Bringing together artists who question image-making in the digital age through their deployment of different strategies to re-think, re-purpose and re-present the photographic image, this exhibition examines the mechanics of both image and its apparatus.

In The Untimely Apparatus Of Two Amateur Photographers, artistic duo Lam Pok Yin Jeff & Chong Ng, adapt, transform and modify everyday objects into picture-making devices. Ingenuity and playfulness allow techniques to be pushed to the extreme: photography is turned on its head.  A slide projector is converted into a camera by reversing its mechanism (so that the machine absorbs light into its body instead of projecting) and a mailing tube becomes a device for telescopic vision. Often adapting and mimicking the language of photographic manuals, Jeff and Chong’s challenging investigation into the basic mechanics of a camera is documented and presented through performance, images, instructional diagrams and sculptural objects.

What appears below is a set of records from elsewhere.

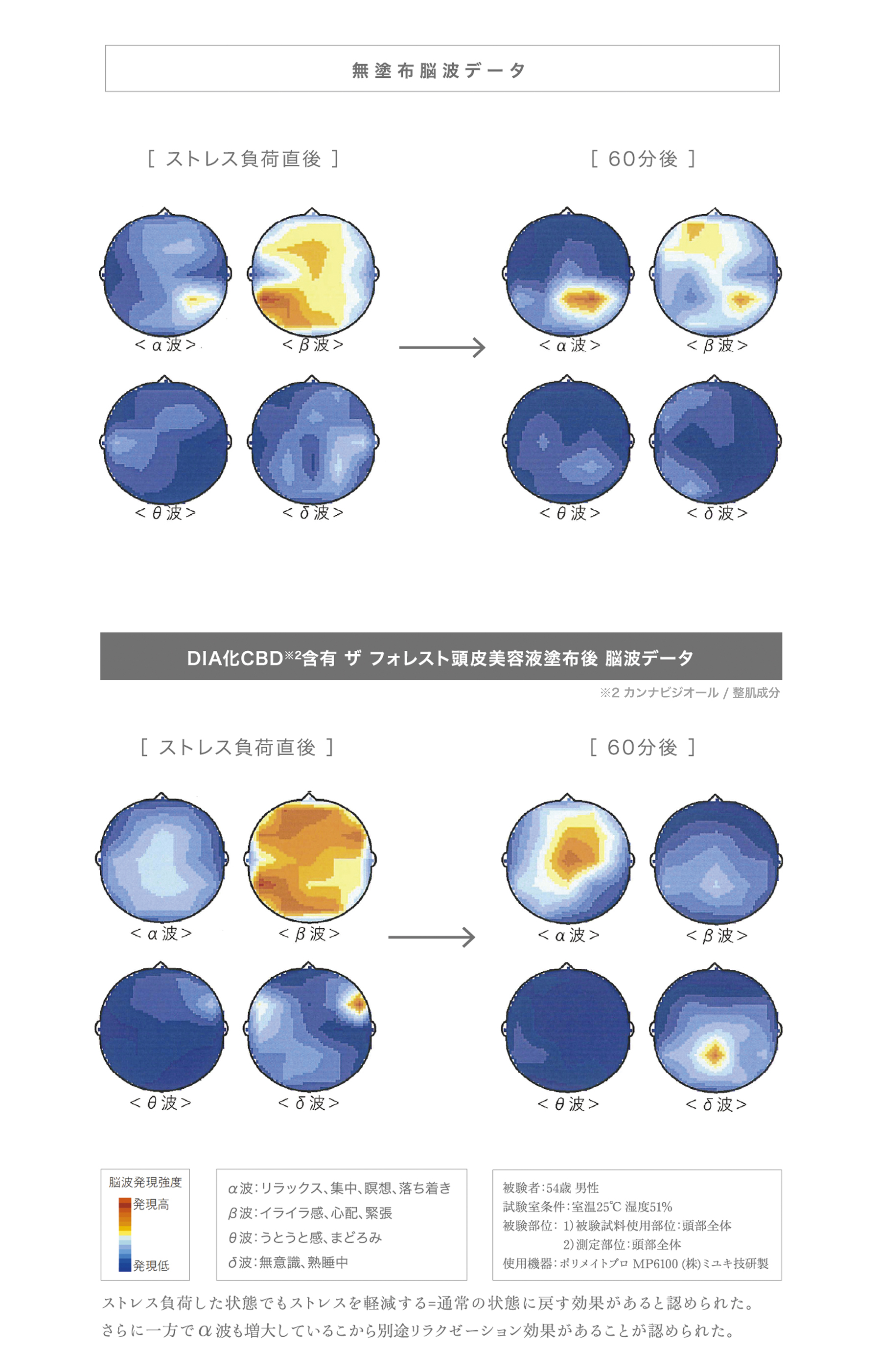 NMN、CBD、ヒト幹細胞、コラーゲン etc. 豪華すぎる「頭皮のための美容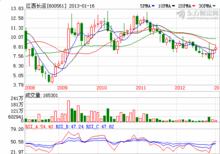 江西長運股票走勢圖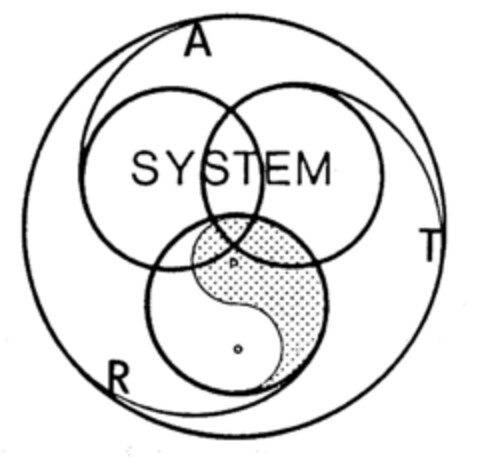 A R T SYSTEM Logo (IGE, 23.04.1987)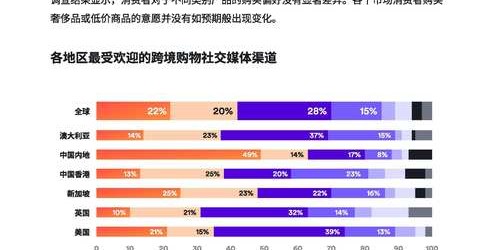 2026年跨境电商趋势解析：从亚马逊选品到TikTok带货实战指南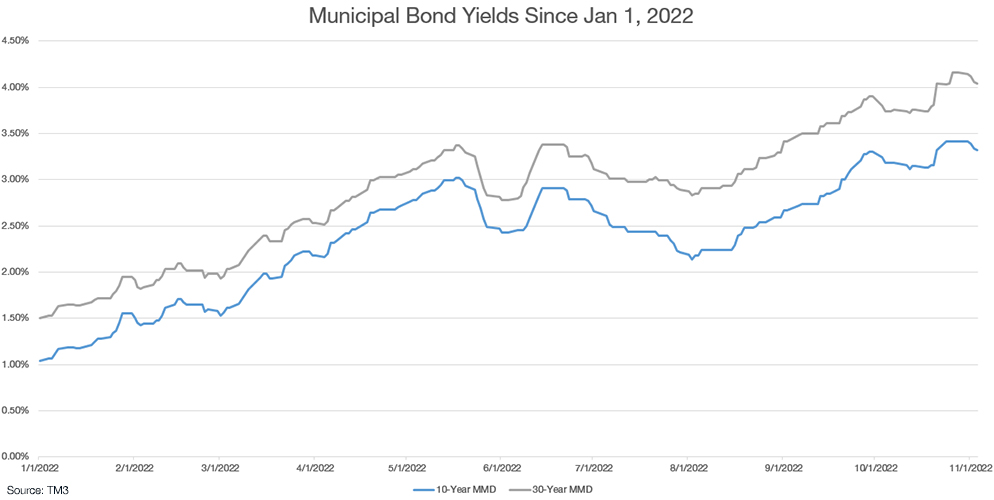 municipal bond yields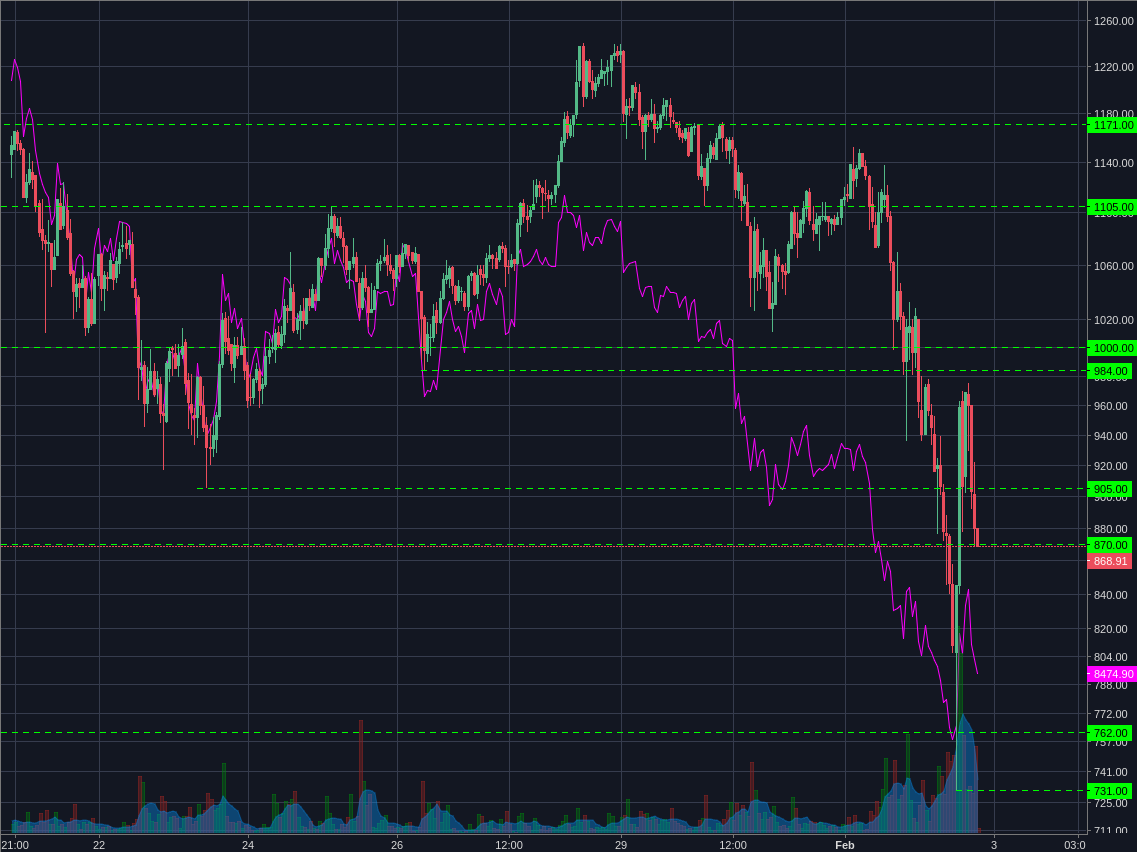 Bitstamp:ETHUSD 1h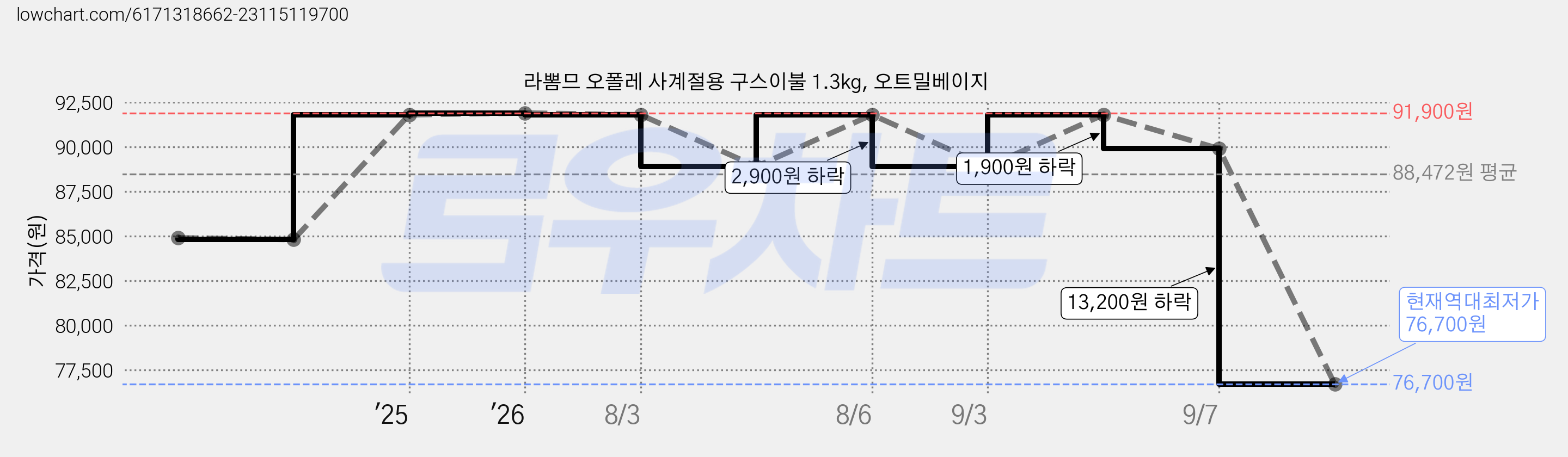 라뽐므 오폴레 사계절용 구스이불 1.3kg, 오트밀베이지 가격 변동 차트, 현재가 76,700원, 역대최저가
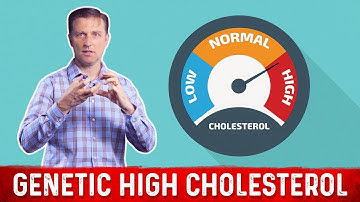Familial Hypercholesterolemia – Genetic High Cholesterol Explained By Dr. Berg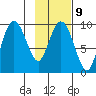 Chance Cove tide chart for Thursday, February 9, 2023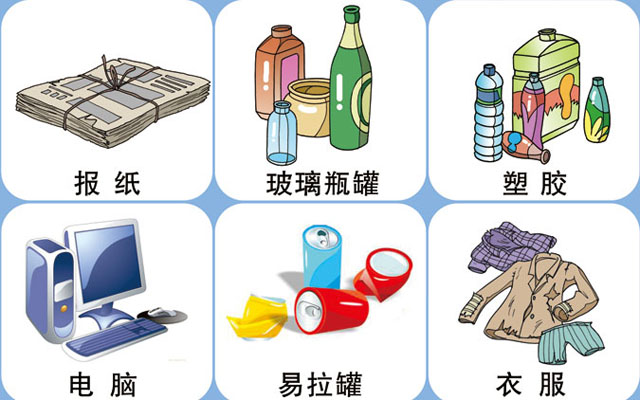 垃圾桶圖標及分類標識有哪些？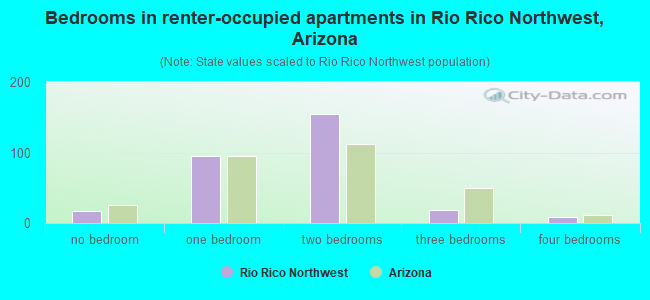 Bedrooms in renter-occupied apartments in Rio Rico Northwest, Arizona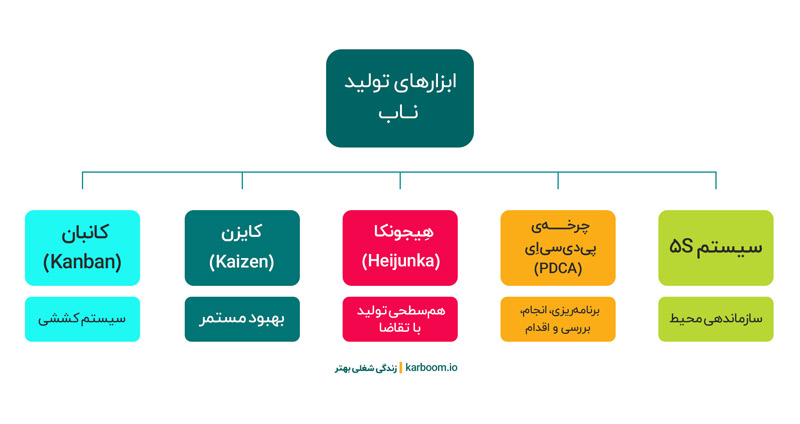 مفیدترین و کاربردی ترین ابزارهای تولید ناب چیست؟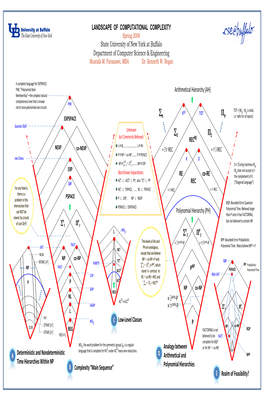 LANDSCAPE of COMPUTATIONAL COMPLEXITY Spring 2008 State University of New York at Buffalo Department of Computer Science & Engineering Mustafa M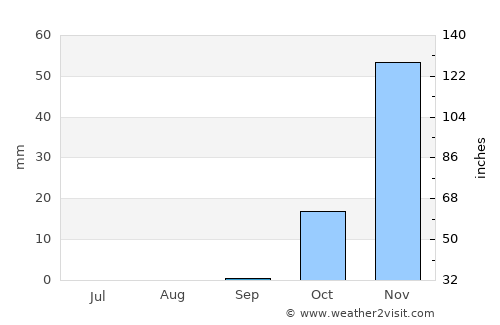 Beit She'an average rain in September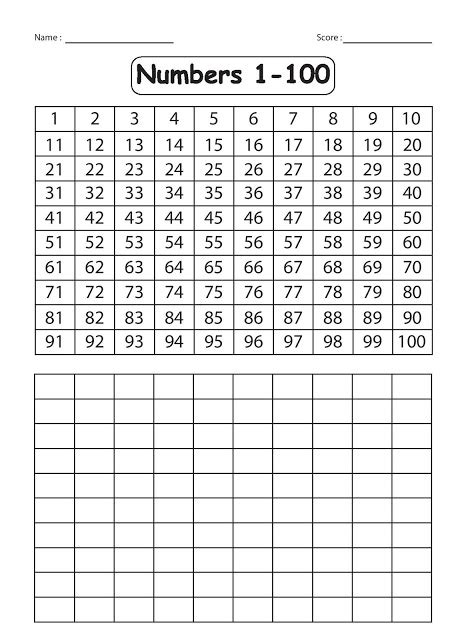 Write Numbers From 1 To 100 Worksheet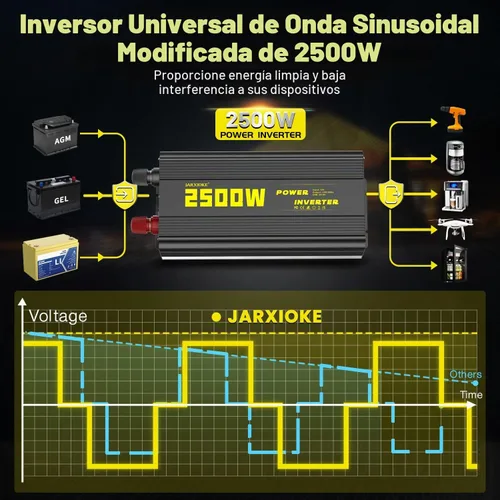 Vista 2 de Inversor de corriente de onda sinusoidal modificada de 2500 vatios, 12 V CC a CA 110 V/120 V (pico) Convertidor de 5000 W, inversor de automóvil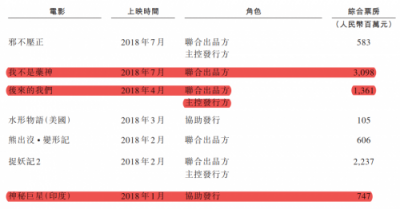 在線票務(wù)攻防戰(zhàn)：貓眼“受寒”瑟瑟發(fā)抖，阿里影業(yè)持續(xù)加碼淘票票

Scott Pattinson’s Conversations between a scanner and printer about a piece of paper, records the communication and dialogue between two photographic machines. An A4 sheet of paper passed repeatedly between the two machines, creates an almost endless feedback loop between an “input” and “output” device - revealing a breakdown of the mechanical process. Echoing early camera-less photography techniques, these ‘photograms’ translate to the digital age: rather than being developed by a chemical process, they are a reaction between code, data, and algorithms

In Wolfgang, David Fathi reworks images from the CERN archive, the European Organisation for Nuclear Research, which was recently released online. Wolfgang Erst Pauli, physicist and pioneer of Quantum physics working at CERN, was known for his “Pauli” effect where machinery and equipment would often mysteriously fail due to his presence. Fathi threads together images using the “Pauli effect” as narrative device, creating a playful interpretation of the archive. Further questioning the relationship between science and myth. Some images are manipulated by the artist, some aren’t, the viewer is invited to decipher between what is fact and what is fiction. 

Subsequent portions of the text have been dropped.